A few months ago, I re-read The Stranger by Albert Camus. We had read a passage of it in my French conversation class and my curiosity was piqued. I admit that my memory of the details of the book were sketchy. As those of you who read it may remember, it takes place in 1963 in Algeria toward the end of their war of independence from France. The main character Meursault is arrested for and charged with killing an Arab Algerian. He is tried in court but also tried in the court of public opinion for his apparent callousness toward his mother’s recent death.
In The Meursault Investigation written by Kamel Daoud, an Algerian journalist, and translated by John Cullen, The Stranger is turned inside out, told by Daoud from the Arab point of view. The language that Daoud uses is quite descriptive and very poetic. It is a parallel story of what became of the family of Mersault's victim.
The main point of The Meursault Investigation is that Meusault’s victim is never referred to by his name and his body is never actually found. Equally anonymous are the victim’s mother and brother who are never able to move forward with their lives after the murder. Instead, they spend the rest of their lives unsuccessfully trying to make sense of it as it destroys their lives.
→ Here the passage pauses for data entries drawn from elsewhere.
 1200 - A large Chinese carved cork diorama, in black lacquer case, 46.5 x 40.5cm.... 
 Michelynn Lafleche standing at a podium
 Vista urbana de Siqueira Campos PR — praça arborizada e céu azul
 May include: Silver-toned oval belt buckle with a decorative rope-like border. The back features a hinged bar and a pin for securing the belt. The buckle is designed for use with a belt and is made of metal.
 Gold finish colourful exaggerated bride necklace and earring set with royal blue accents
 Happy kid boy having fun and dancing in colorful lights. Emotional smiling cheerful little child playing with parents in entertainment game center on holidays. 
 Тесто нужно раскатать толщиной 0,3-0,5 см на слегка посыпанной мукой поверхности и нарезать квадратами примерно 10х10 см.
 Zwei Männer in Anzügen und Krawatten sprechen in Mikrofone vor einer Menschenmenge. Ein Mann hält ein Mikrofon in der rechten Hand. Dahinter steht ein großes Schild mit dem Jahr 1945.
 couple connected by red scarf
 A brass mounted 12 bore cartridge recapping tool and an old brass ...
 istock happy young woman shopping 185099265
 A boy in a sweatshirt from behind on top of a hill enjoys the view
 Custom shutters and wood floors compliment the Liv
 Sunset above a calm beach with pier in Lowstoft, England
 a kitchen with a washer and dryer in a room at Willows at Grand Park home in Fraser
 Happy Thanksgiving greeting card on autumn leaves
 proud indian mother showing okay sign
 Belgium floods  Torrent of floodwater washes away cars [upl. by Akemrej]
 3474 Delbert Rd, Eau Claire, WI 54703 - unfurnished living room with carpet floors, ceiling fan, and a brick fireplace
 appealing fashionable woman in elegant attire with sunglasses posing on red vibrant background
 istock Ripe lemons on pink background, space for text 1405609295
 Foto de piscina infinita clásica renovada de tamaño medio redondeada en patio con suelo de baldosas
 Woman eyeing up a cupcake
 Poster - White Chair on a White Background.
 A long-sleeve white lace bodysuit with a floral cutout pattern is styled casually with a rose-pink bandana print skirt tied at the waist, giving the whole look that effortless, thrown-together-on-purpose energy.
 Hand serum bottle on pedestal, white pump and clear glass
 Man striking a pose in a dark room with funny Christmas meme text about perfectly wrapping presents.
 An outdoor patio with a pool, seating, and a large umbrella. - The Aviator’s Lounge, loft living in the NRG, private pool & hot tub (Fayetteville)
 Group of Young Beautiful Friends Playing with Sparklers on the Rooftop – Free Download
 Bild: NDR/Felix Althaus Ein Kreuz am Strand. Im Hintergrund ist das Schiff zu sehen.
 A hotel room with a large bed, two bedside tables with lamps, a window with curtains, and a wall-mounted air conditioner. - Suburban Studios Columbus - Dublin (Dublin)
The book brings to mind the Woody Guthrie song “All They Will Call You Will Be Deportees.” One way to de-humanize a victim is to take away his name. Once the victim becomes less than human, it is easier to assuage one's guilt feelings while abusing another human being. Meursault’s victim’s family never achieves closure. The Deportees – Mexican migrant farmers – are lost in everyone’s memory. Concentration camp inmates had their names removed and numbers tattooed on their arms. Some lessons are universal and the ones taught in The Meursault Investigation are instructive in the refugee/ immigration situation today. Woody Guthrie made that point powerfully in the song "All They Will Call You Will Be Deportees."